Juan había estado tumbado tras una raquítica planta al lado de Pedro y de otro guerrillero llamado Franco. Se levantó y abrió fuego con su subfusil, vaciando todo el cargador en una sola ráfaga de gran potencia que abrió una hilera de agujeros en el vehículo más cercano. Las puertas de los
Humvees se abrieron y de ellos salieron algunos desorientados soldados norteamericanos que levantaron sus armas y devolvieron el fuego. Un yanqui se subió a la ametralladora de 50 mm montada en el chasis de uno de los vehículos y abrió fuego contra los milicianos. Los grandes proyectiles del arma partieron por la mitad a Franco, y derribaron a media docena de guerrilleros antes de que uno de ellos le volara la cabeza de un tiro al artillero.

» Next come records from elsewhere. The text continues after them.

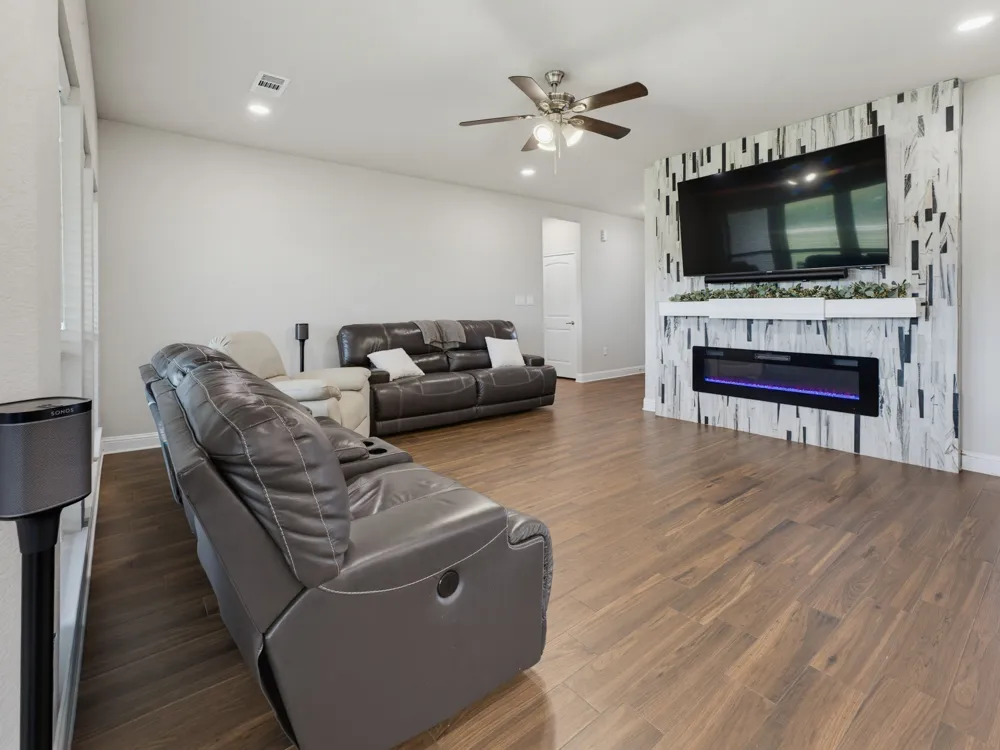 505 Neu Drive Lindsay, TX 76250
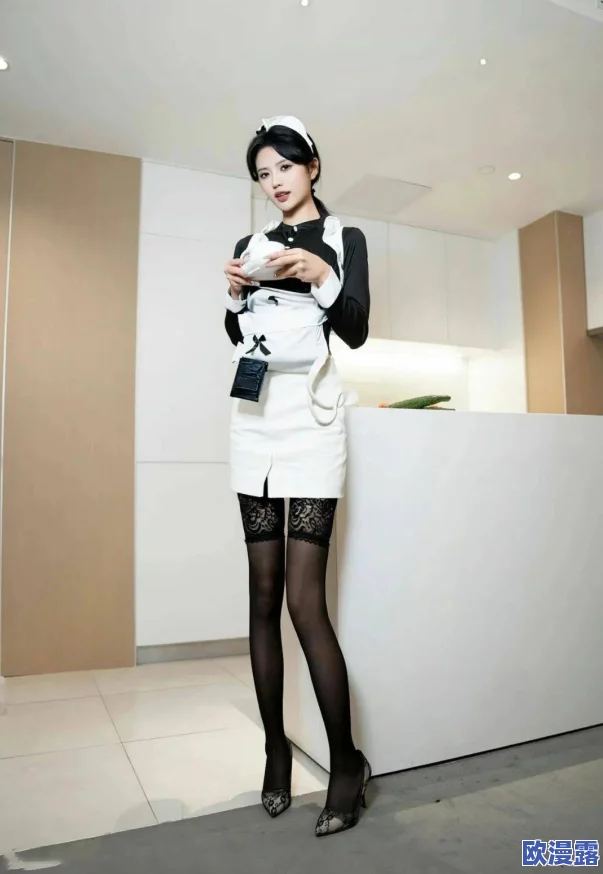 亚洲制服丝袜诱惑:许多网友认为这种风格既展现了女性的优雅,又增添了一丝神秘感,令人着迷 亚洲制服丝袜诱惑:许多网友认为这种风格既展现了女性的优雅,又增添了一丝神秘感,令人着迷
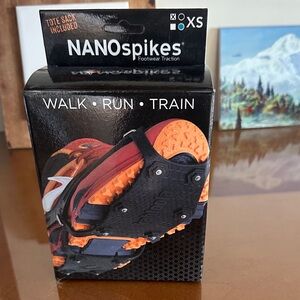 Women’s Orange/Black Traction Cleats - XS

Juan sacó el cargador vacío de su arma y metió otro en la ranura. Disparó de nuevo, esta vez de manera controlada, contra los tres soldados que había junto al transporte. Las balas no alcanzaron a ninguno, pero se lanzaron al suelo, dejando de disparar en el acto. Varios guerrilleros cayeron bajo el fuego del otro vehículo, pero un francotirador acabó con el servidor de la ametralladora y el arma calló. Unos pocos proyectiles pasaron zumbando cerca de Juan, pero él tan sólo parpadeó. Otros dos milicianos pasaron corriendo al lado del joven y fueron abatidos por los tres americanos del primer
Humvee. Estaban sufriendo demasiadas bajas, y aún quedaban seis norteamericanos. Entonces, la fuerza de reserva del otro lado de la autopista entró en acción, abatiendo a cuatro de los supervivientes. En ese momento, los dos últimos levantaron las manos gritando en un español chapurreado:
-¡Rendimos, rendimos!
El sonido de los disparos se extinguió poco a poco, y varios milicianos se acercaron a los soldados para maniatarlos.
Juan se giró para mirar a Pedro, y se le paró el corazón. El chaval yacía a dos metros de él, con todo el vientre ensangrentado. Juan corrió hacia el herido y le levantó la cabeza.
-Mierda, mierda, ¡médico!
-Dios, tío, me duele. Joder, cómo me duele. Oh, joder.- barbotó Pedro, escupiendo sangre.
-Maldita sea, no, no, no. Espera, espera. ¡Médico, joder!
-Mierda, Juan, me duele mucho. Me cago en todos sus muertos, me han dado, tío. No quiero morir.
-No me jodas tío, no te me mueras.
-Dile a mi novia...- tosió y gotitas de color escarlata brillante saltaron de sus labios. -Y a mi hijo... Diles que... Diles que les quiero. Oh, dios. No quiero morir, tío. No quiero, no quiero. ¿M-María? ¿María? Ese perfume... huele... muy bien... -volvió a toser, se convulsionó un momento, y quedó inmóvil, con los ojos fijos en el vacío. Juan no dijo nada. No quedaba nada por decir.
Dejó el laxo cuerpo de Pedro y, todavía cubierto de sangre, se abalanzó sobre uno de los prisioneros, golpeándole brutalmente.
-¡¡HIJOS DE PUTA!! ¡¡MAMONES!!- gritaba.
Algunos de los milicianos le cogieron y le retuvieron mientras el coronel se acercaba. Le puso una mano en el hombro.
-Tranquilo chico. Habrá tiempo para esto, pero no ahora. ¿Qué deberíamos hacer con ellos?- se preguntó en voz alta.
-¡Colgémosles!
-¡A la hoguera con ellos!
-¡Estranguladles!
-¡Fusiladles!
Las propuestas de ajusticiamiento no parecían tener fin. Después de un rato, García levantó la mano y dijo:
-Todos hemos perdido hermanos, amigos, mujeres, hijos y maridos a manos de estos cerdos. La decisión es unánime. Colgadles.
Y entre gritos, abucheos, pataleos y vítores, los soldados fueros ahorcados en uno de los olivos que había allí cerca.